Early on Easter Sunday 1972, Marine Captain John Ripley was certain that he was a dead man. By that day's end at Dong Ha, when his children—twelve time zones behind—were beginning to rummage through their Easter baskets, he figured he would be lying face down in the mud. Never again would he see his peaceful home in Virginia's Blue Ridge Mountains, a world away in more respects than one.
But when Ripley looked around and saw young Vietnamese Marines ready to face death with him, his mindset toughened and a sense of calm—familiar to warriors through the centuries—began to take hold. As he recalled later, "When you know you're not going to make it, a wonderful thing happens. You stop being cluttered by the feeling that you're going to save your butt." Thus unencumbered, he could face the day and focus on the task ahead.

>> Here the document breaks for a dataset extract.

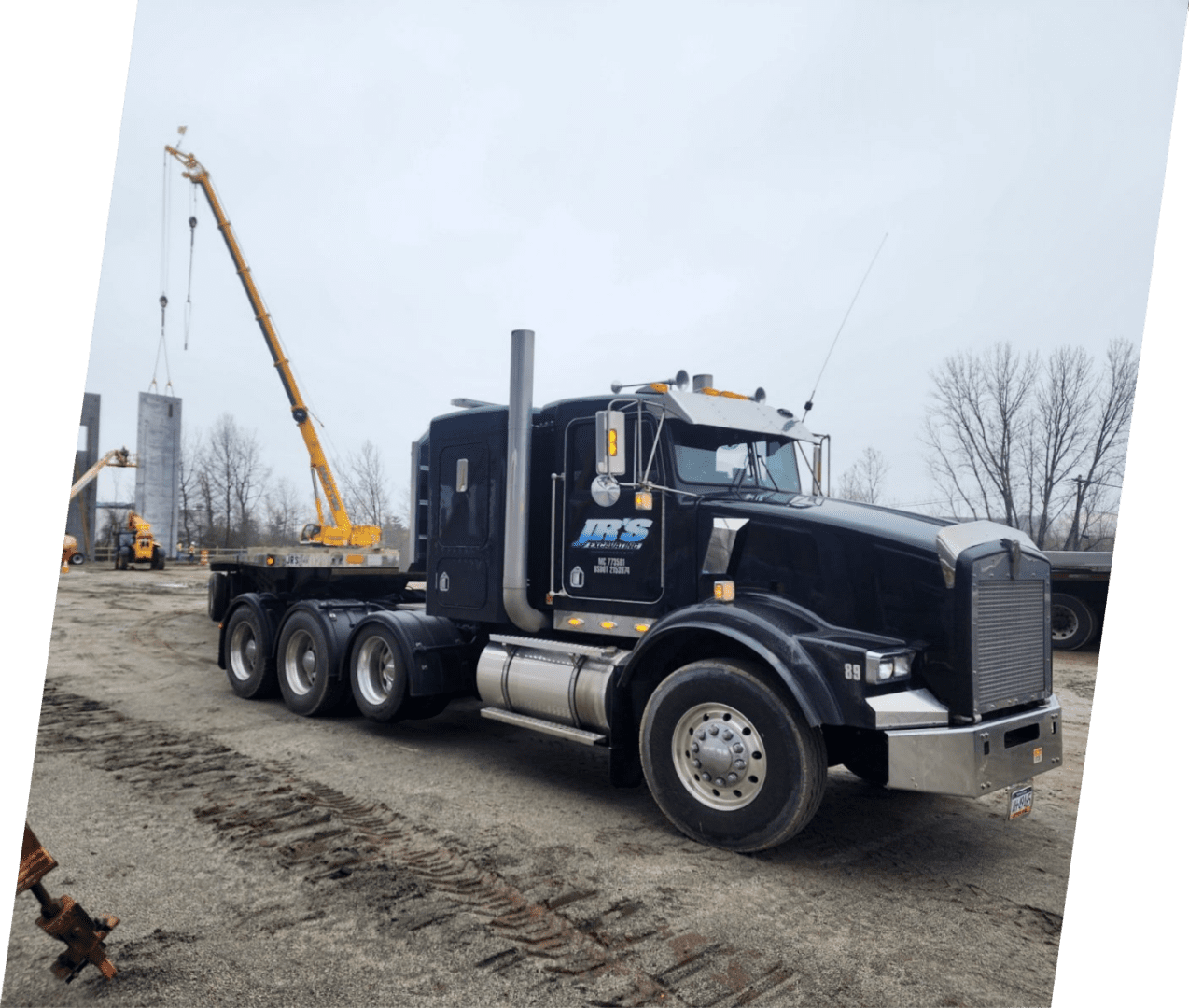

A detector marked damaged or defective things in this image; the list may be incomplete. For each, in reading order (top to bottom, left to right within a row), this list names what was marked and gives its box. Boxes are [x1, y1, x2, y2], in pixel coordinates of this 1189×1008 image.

rusty metal object [16, 822, 118, 979]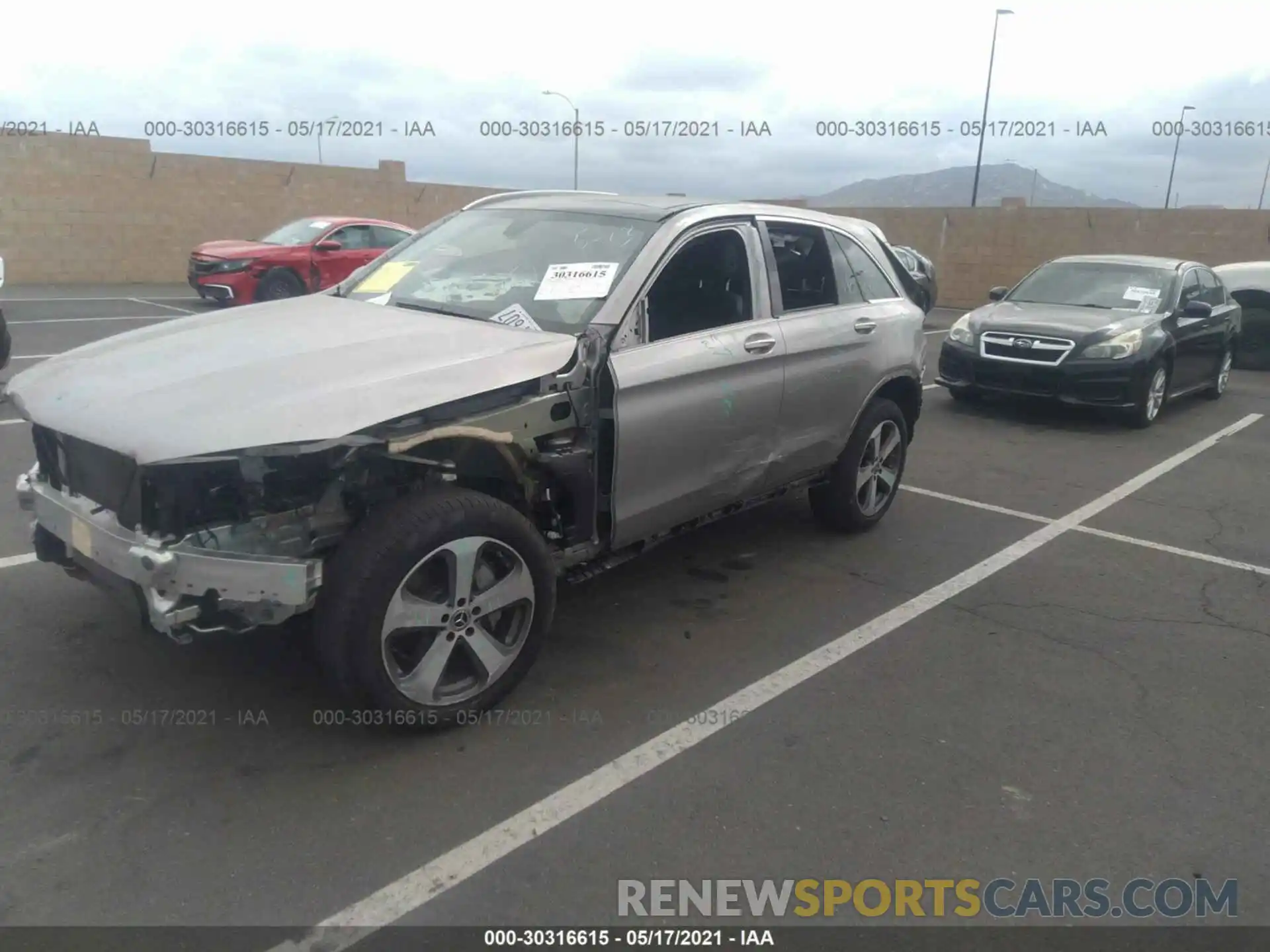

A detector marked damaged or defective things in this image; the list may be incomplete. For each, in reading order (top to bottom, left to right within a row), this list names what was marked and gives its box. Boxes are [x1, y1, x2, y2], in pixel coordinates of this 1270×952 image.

It was a formidable task, that of destroying a Seabee-built steel-and-concrete highway bridge, capable of supporting 60-ton tanks. This had to be done before the vanguard of a North Vietnamese infantry and armor invasion force could cross.
Ripley was up to the job. After excelling in Naval Academy tests of applied strength and agility, he had proceeded to hone his physical conditioning and experience hands-on demolitions training with such elite units as Marine Force Reconnaissance, the Army's Rangers, and Great Britain's Royal Marines. Of all the captains in the Marine Corps at that time, few—if any—could match Ripley's qualifications. And circumstances had placed him barely a mile from the bridge, with time running out. Deprived of food and sleep for three days, John Ripley was running on adrenaline. But he was ready to give it a go.
Colonel Ripley's retelling of events in the Naval Institute's Americans at War Series
The rest is history—and the stuff of legend. By destroying the bridge in time, Ripley stalled a North Vietnamese offensive and gave the South Vietnamese defenders time to regroup along the My Chanh River—a line they held. Saigon got a three-year reprieve and John Ripley received the Navy Cross.
By the time of his death at 69 last month in Annapolis, Colonel John Ripley had been memorialized by a diorama at the entrance to the Naval Academy's Memorial Hall and by Ripley Hall at the Academy's preparatory school in Newport. He also was an early selectee—and the first Marine so honored—to the Distinguished Graduate hall of fame established by the Naval Academy Alumni Association. The National Museum of the Marine Corps stands in silent tribute to his years of planning and fundraising on its behalf.
Perhaps John Ripley's greatest legacy can be found in his years of principled leadership, before and after 1972. He has been—and will continue to be—an inspiration to Marines of all ranks, as well as midshipmen and other would-be Marines. His full schedule of public appearances continued through the final week of his life, despite persistent and severe health problems.
His basic message, both as a teacher and as a prep school and university president, never varied:
One person can make a difference.
You are never beaten until you quit.
John Ripley lived by those words. As one of his sons said, "Once my dad set his mind to doing something, he would not quit; once he got the bit in his teeth, there was no stopping him." Yet his hard-driving approach to life did not keep him from fully enjoying his family and his wide circle of friends across the country and around the world.
As the epitome of courage in trying times, John Walter Ripley will remain an inspiration to a great and growing number of people far into the future. He is truly a man for the ages.